Smith shrugged his shoulders.
"I think not," he replied. "Either a greater One than Fu-Manchu has taken Lord Southery, or the yellow doctor has done his work so well that no trace remains of his presence in the matter."
Leaving his breakfast untasted, he wandered aimlessly about the room, littering the hearth with matches as he constantly relighted his pipe, which went out every few minutes.
"It's no good, Petrie," he burst out suddenly; "it cannot be a coincidence. We must go around and see him."
An hour later we stood in the silent room, with its drawn blinds and its deathful atmosphere, looking down at the pale, intellectual face of Henry Stradwick, Lord Southery, the greatest engineer of his day. The mind that lay behind that splendid brow had planned the construction of the railway for which Russia had paid so great a price, had conceived the scheme for the canal which, in the near future, was to bring two great continents, a full week's journey nearer one to the other. But now it would plan no more.
"He had latterly developed symptoms of angina pectoris," explained the family physician; "but I had not anticipated a fatal termination so soon. I was called about two o'clock this morning, and found Lord Southery in a dangerously exhausted condition. I did all that was possible, and Sir Frank Narcombe was sent for. But shortly before his arrival the patient expired."
"I understand, Doctor, that you had been treating Lord Southery for angina pectoris?" I said.

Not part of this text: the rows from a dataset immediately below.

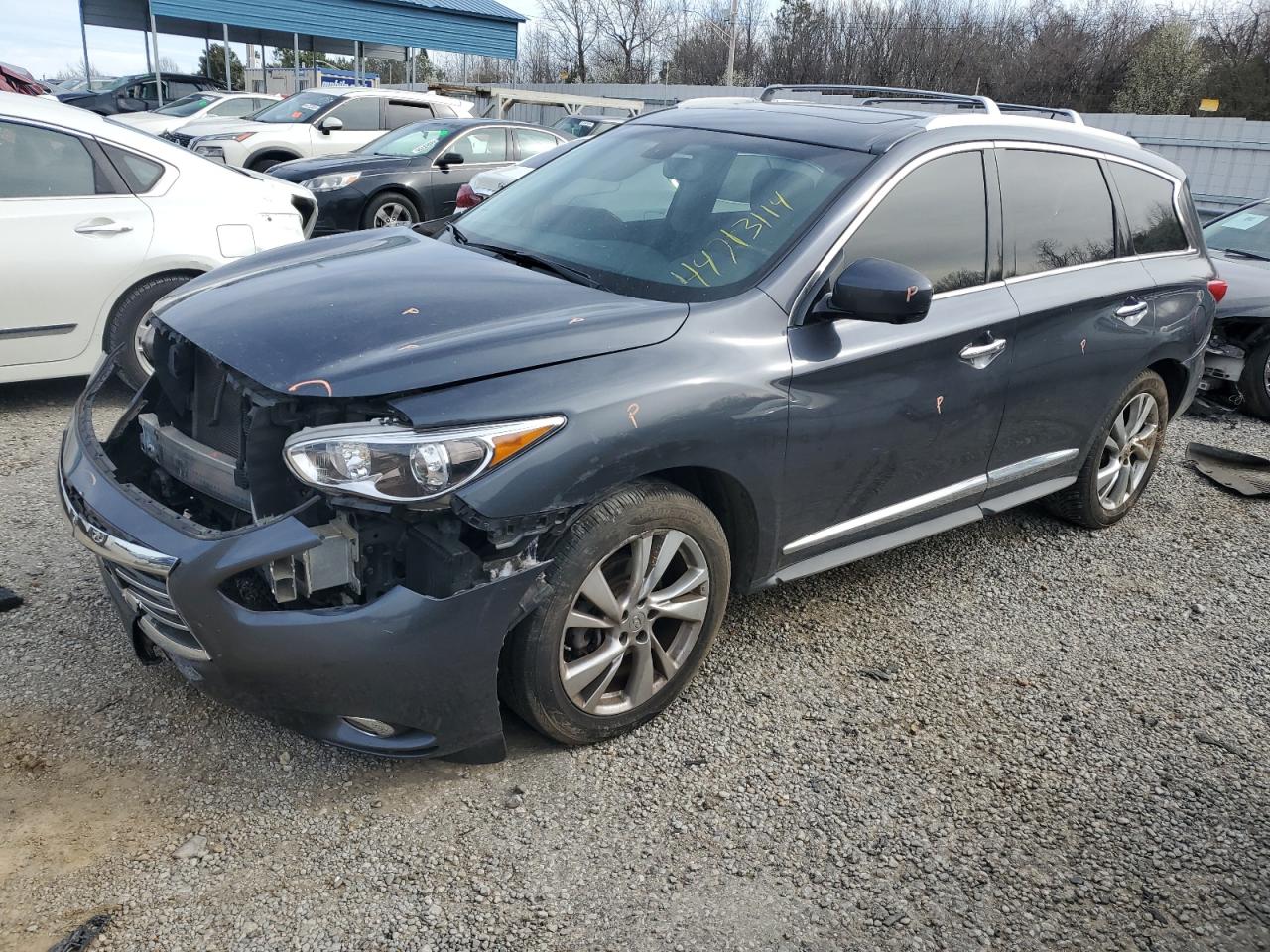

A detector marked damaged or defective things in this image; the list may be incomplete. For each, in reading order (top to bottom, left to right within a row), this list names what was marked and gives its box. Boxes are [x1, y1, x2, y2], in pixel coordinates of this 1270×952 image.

broken front bumper [57, 375, 543, 767]
damaged front end [56, 327, 561, 762]
damaged gray suv [57, 85, 1218, 767]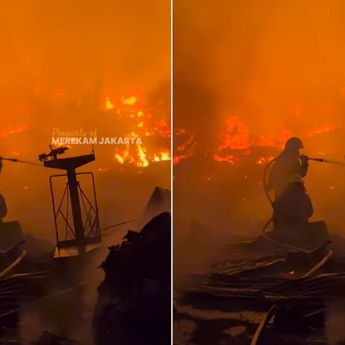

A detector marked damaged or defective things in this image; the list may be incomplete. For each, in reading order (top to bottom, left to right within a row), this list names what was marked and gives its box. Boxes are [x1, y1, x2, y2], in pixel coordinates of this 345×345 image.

burnt debris pile [92, 211, 171, 344]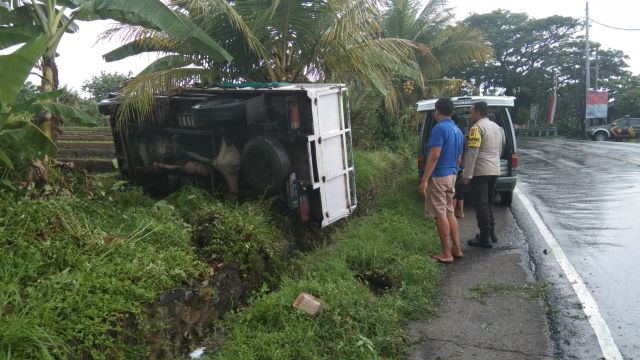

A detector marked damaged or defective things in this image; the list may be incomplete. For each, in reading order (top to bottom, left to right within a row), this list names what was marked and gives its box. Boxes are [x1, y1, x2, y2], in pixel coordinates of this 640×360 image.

overturned white truck [102, 83, 358, 226]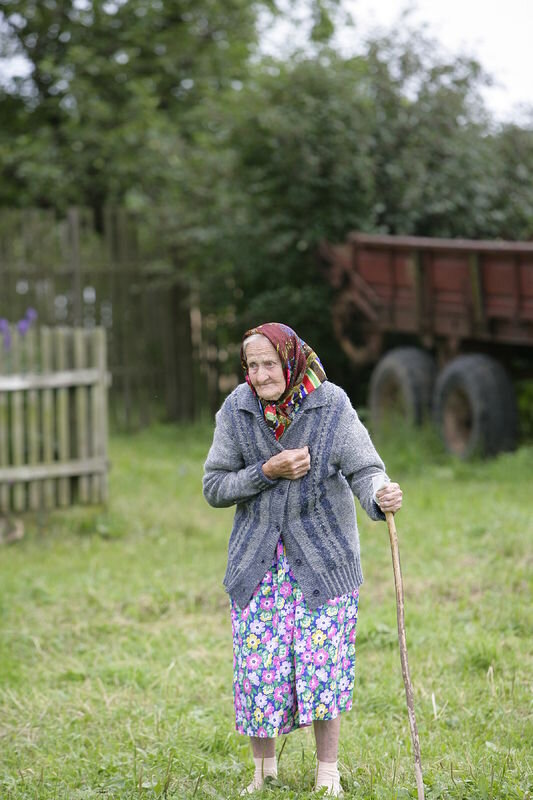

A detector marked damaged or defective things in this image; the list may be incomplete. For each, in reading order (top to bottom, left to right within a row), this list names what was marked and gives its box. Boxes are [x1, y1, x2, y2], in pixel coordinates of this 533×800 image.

rusty trailer [320, 233, 532, 456]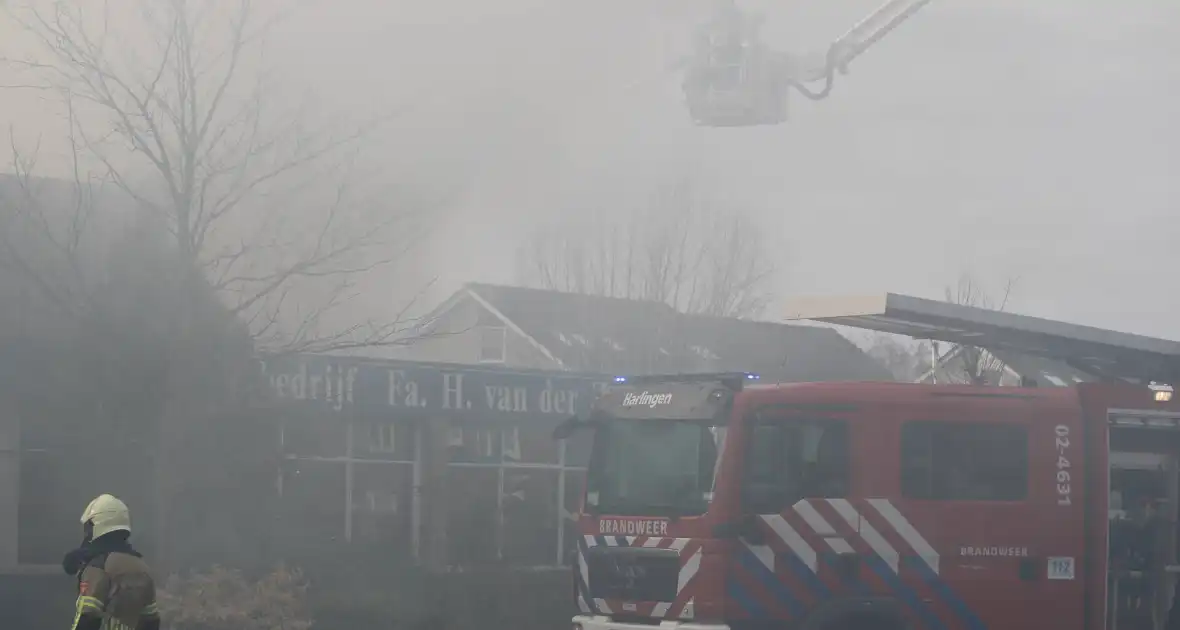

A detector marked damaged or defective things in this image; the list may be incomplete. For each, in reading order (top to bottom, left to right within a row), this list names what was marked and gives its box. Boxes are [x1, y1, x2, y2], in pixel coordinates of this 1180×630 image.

damaged roof [468, 284, 892, 382]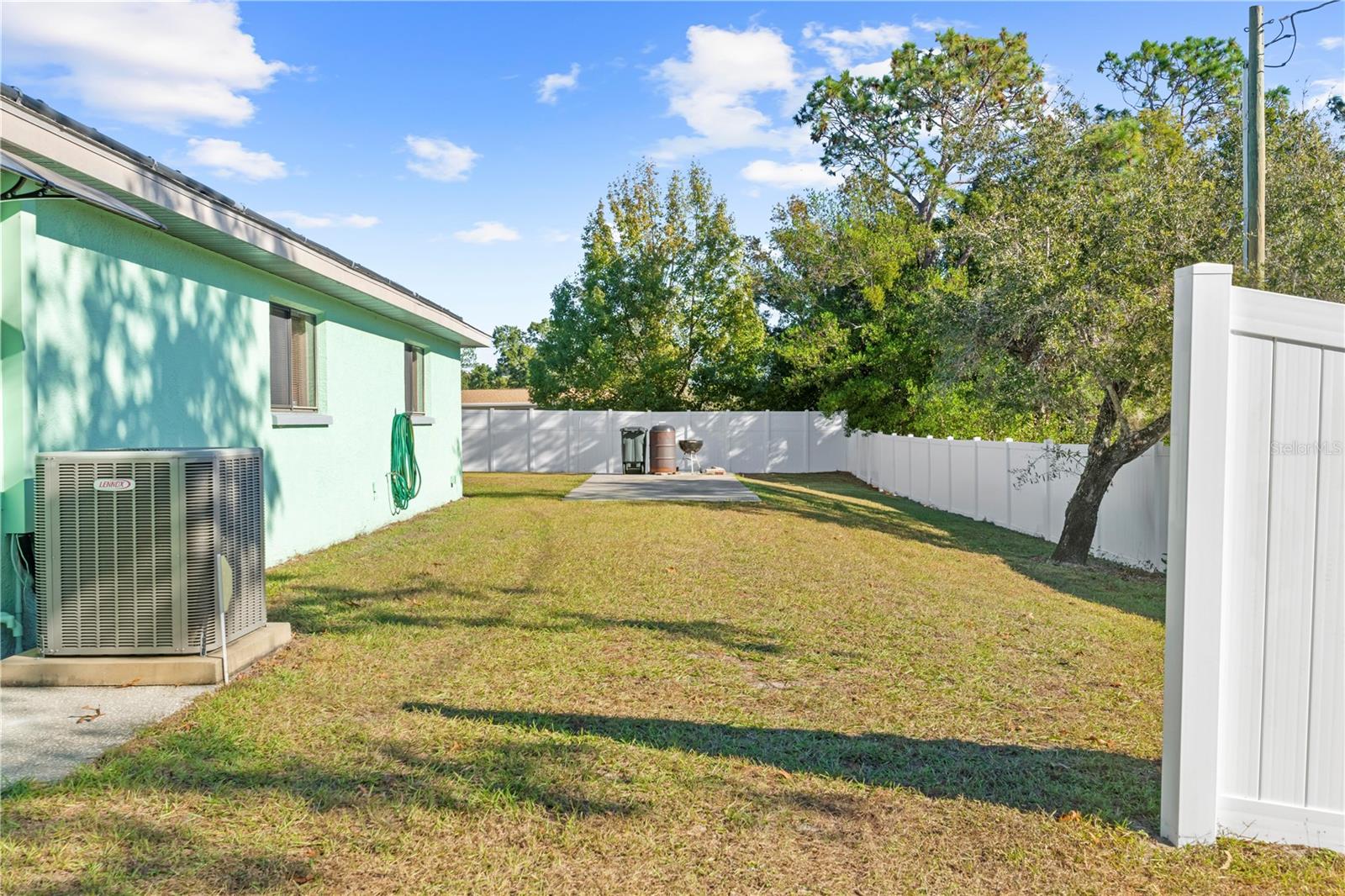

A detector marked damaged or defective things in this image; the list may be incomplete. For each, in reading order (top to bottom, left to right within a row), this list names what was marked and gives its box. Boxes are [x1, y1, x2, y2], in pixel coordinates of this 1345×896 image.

"Yes," was the reply, "for some months."
"You regard the circumstances of his end as entirely consistent with a death from that cause?"
"Certainly. Do you observe anything unusual yourself? Sir Frank Narcombe quite agrees with me. There is surely no room for doubt?"
"No," said Smith, tugging reflectively at the lobe of his left ear. "We do not question the accuracy of your diagnosis in any way, sir."
The physician seemed puzzled.
"But am I not right in supposing that you are connected with the police?" asked the physician.
"Neither Dr. Petrie nor myself are in any way connected with the police," answered Smith. "But, nevertheless, I look to you to regard our recent questions as confidential."